European asylum policy needs a maximum limit

28 September 2017

The European Commission has issued a number of specific proposals to bring migration to Europe under control. For example, Member States may reintroduce internal border controls for a period of three years in case of a pertinent migration problem or terrorist threat. The Commission also wants the Member States to voluntarily take in 50,000 refugees. "It is important that the legal influx goes hand-in-hand with further measures to stop the illegal influx, but more than that is needed," warns MEP Helga Stevens. "European asylum policy is only successful when there is not only an efficient repatriation policy but also a maximum limit on the number of asylum seekers."

Today, in principle, Member States can close internal borders up to a maximum of two years. Nevertheless, the security threat continues to exist, namely due to the influx of returning Syrian fighters. "Since this maximum period for a number of affected countries expires in November, it was high time to take action so that the Member States can continue the necessary identity checks in these times of uncertainty," Helga Stevens says.

Resettlement: not unconditional

The Commission is, however, asking the Member States to take in additional refugees. In this connection, they would receive EUR 10,000 per person from the EU. Resettlement is voluntary. “I am currently working on a resettlement mechanism whereby the intake of refugees from a particular country is linked to a maximum limit and a clear commitment by the country of origin to take illegal immigrants back," Helga Stevens explains. The N-VA is therefore indeed in favour of voluntary resettlement, but only if the illegal routes are closed, a maximum limit is agreed and Member States can oblige the refugees taken in to follow a customised integration and activation policy.

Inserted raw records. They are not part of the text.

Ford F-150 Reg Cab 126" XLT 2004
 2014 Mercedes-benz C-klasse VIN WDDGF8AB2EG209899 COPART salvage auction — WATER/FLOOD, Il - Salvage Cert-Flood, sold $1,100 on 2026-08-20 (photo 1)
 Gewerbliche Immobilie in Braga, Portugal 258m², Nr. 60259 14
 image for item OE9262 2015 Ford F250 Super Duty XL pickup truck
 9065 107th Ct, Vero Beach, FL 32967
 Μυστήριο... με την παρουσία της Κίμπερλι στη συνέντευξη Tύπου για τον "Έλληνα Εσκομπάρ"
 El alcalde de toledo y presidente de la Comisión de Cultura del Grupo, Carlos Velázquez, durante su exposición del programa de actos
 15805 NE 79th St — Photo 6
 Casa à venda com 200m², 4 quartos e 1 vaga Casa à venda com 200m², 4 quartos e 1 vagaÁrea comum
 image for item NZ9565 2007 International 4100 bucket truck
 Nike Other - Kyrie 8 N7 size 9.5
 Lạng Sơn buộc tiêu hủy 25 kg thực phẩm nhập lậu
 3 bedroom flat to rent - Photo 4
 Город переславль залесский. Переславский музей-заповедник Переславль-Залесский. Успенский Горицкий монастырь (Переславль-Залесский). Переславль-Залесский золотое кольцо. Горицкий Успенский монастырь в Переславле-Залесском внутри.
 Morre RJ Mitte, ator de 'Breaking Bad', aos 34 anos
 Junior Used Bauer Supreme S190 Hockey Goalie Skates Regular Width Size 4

Accelerated repatriation of illegal immigrants

"Finally, the Commission is getting the message that there is no support among the population for the intake of extra refugees as long as the illegal flows of economic fortune seekers are not stopped," Helga Stevens concludes. "Nevertheless, it is naive to think that focusing on an efficient repatriation policy alone will solve the problem. We need to invest further in the regions of origin and introduce pushbacks as well."